Letter With Me: Snollygoster
I’m starting a new series this week, and I hope you’ll join me: Letter With Me — a weekly practice where we explore one word from the lettering list I shared last week).
Each week we’ll take one word and sketch it out in a few different lettering styles. Nothing polished, nothing final. I’m using my iPad/Apple Pencil since it’s easier for me to record my process that way. But feel free to use the same, a pencil/pen with paper, whatever you have on hand. It’s all about building that creative muscle, trying new things, and building a library of lettering styles you can pull from later for full compositions.
This Week’s Word: Snollygoster
Yep. We’re starting off strong with a long and weird, but fun word. Because it’s so long, it’s a challenge to fit it into a confined space. I should maybe have started off with something easier. Oh well, we can revisit this word at the very end and see how much we’ve improved! (If I remember …)
And just in case you were curious, snollygoster (n.): a shrewd, unprincipled person, especially a politician.
Something to keep in mind as we go through this challenge, we are not worrying about perfecting yet. This is all about exploration and getting ideas out of your head and onto the page.
Step 1: Play with Shapes
I’m going to play with three simple shapes this week: Straight, wavy and arc-shaped.
These are starting points, not rules! Let them guide your thinking as you explore how to fit this long word into different shapes. You don’t have to follow them exactly. In fact, I had a hard time fitting all of snollygoster into any the space I had allotted without some serious stretching, stacking, or shrinking… and that’s okay!
Let your brain and hand play.
Step 2: Monoline It
Once you’ve chosen and sketched out your shapes, try writing the word inside it normally without overthinking. Play with the crossbars and the tails of letters. Try stacking letters and switching between upper and lower case letters. There is no pressure for perfect form here, just seeing how the letters might fit. Pretend your playing Tetris, but with letters!
I tried a few things:
Making the letters thinner
Stacking them when they didn’t fit horizontally
Being mindful not to squeeze so tightly that the word becomes unreadable
There’s no right or wrong here. Experiment, stretch, smoosh, stack. Try, erase, and try again.
Step 3: Add Style & Flair
Once your letters are in place, it’s time to explore styles a bit more!

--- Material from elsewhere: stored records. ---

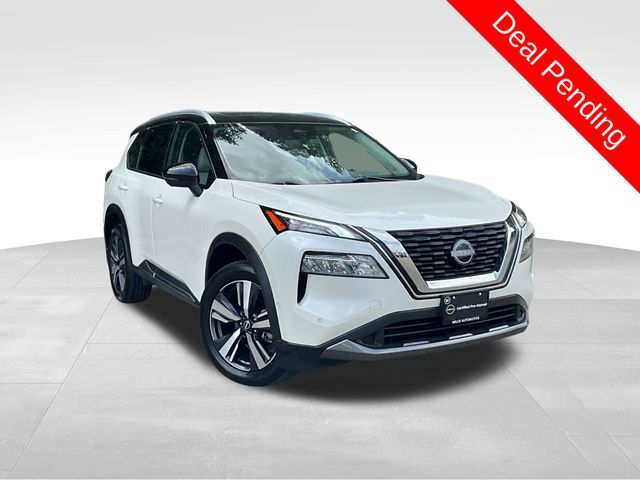 Pearl White Tricoat/Super Black 2023 Nissan Rogue SUV / Crossover All-Wheel Drive Continuously Variable Transmission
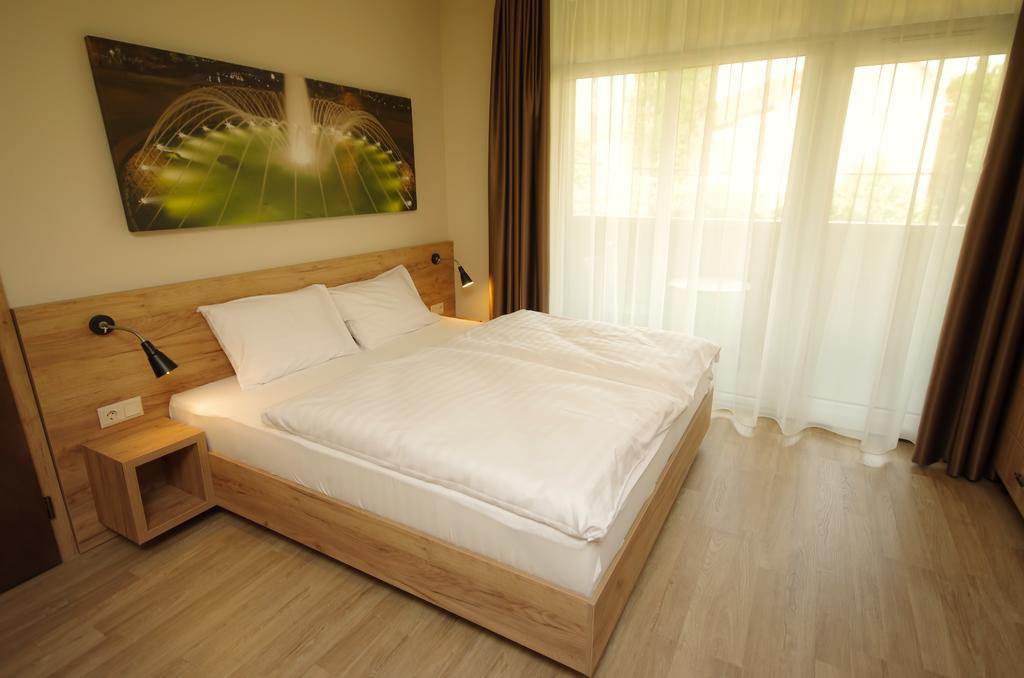 Almasy Apartmanhaz Gyula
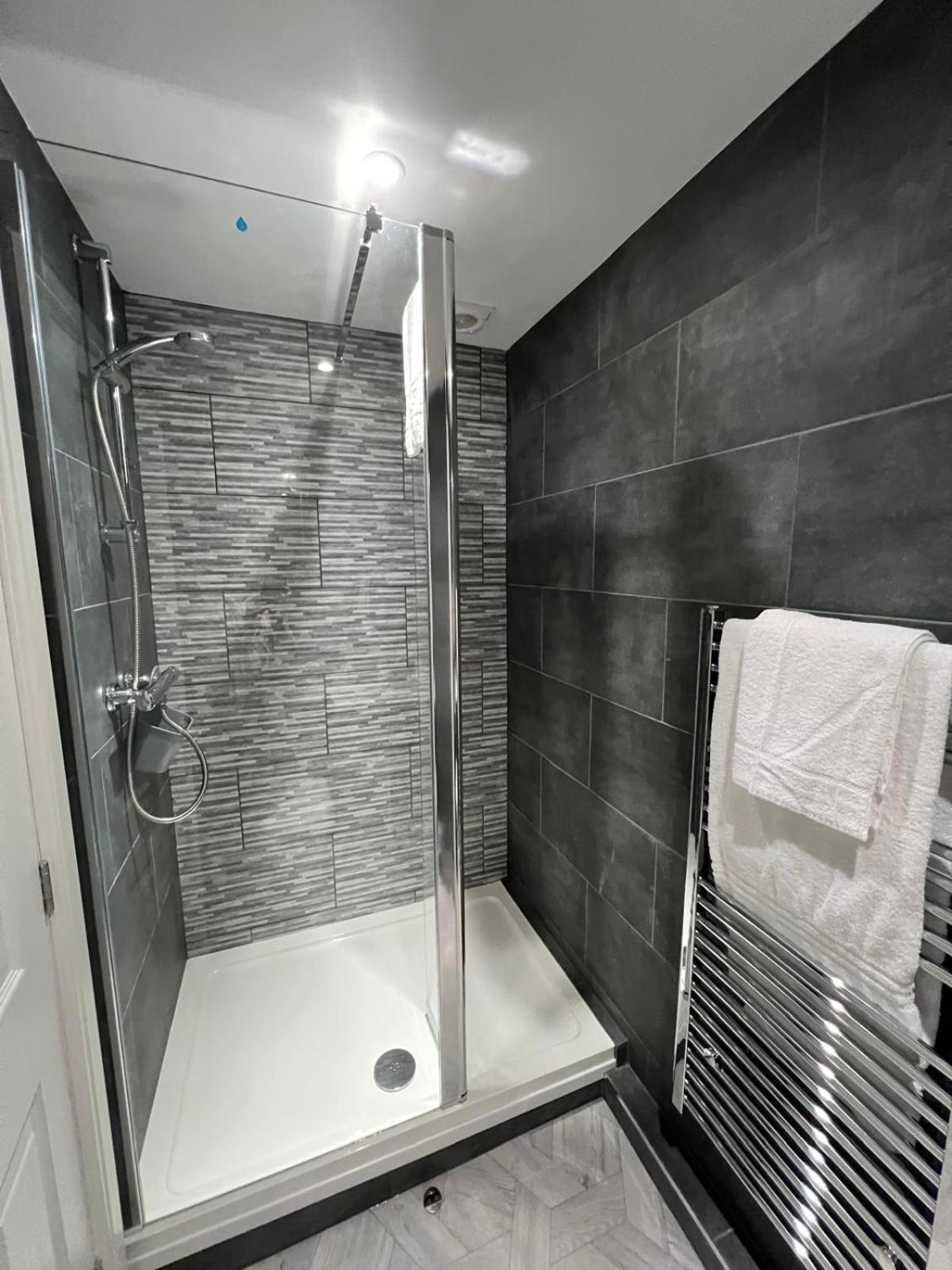 The Globe Apartments and Bedrooms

I took each of the three sketches and gave them different vibes:
First version: a serif-inspired look with added diamonds and thicker ends (like little triangles!).
Second version: thinner bubble letters with rounded edges.
Third version: a more freestyle approach, where I played with funkier letterforms. The "S" was inspired by graffiti I saw on a train once!
Let your surroundings inspire you. Once you start looking for lettering everywhere, you’ll find it: store signs, menus, graffiti, packaging, old buildings, funky fonts. The more you notice, the more they’ll stick in your minds for you to pull out later. Or you can take photos. Build a little inspiration folder on your phone that you can look at when you’re feeling uninspired. But of course, remember: don’t copy directly. Instead, learn by observing and trying to recreate things from memory. That’s how you start developing your own style because you’ll find you’ve tweaked things differently from the original and that’s where your personality and style comes out.
Et Voilà
You just created three different versions of one word.
If you have extra time in your practice session, go ahead and try even more shapes and styles. Each sketch adds to your mental style bank, and later, when you’re working on full compositions, you’ll have so many ideas to draw from.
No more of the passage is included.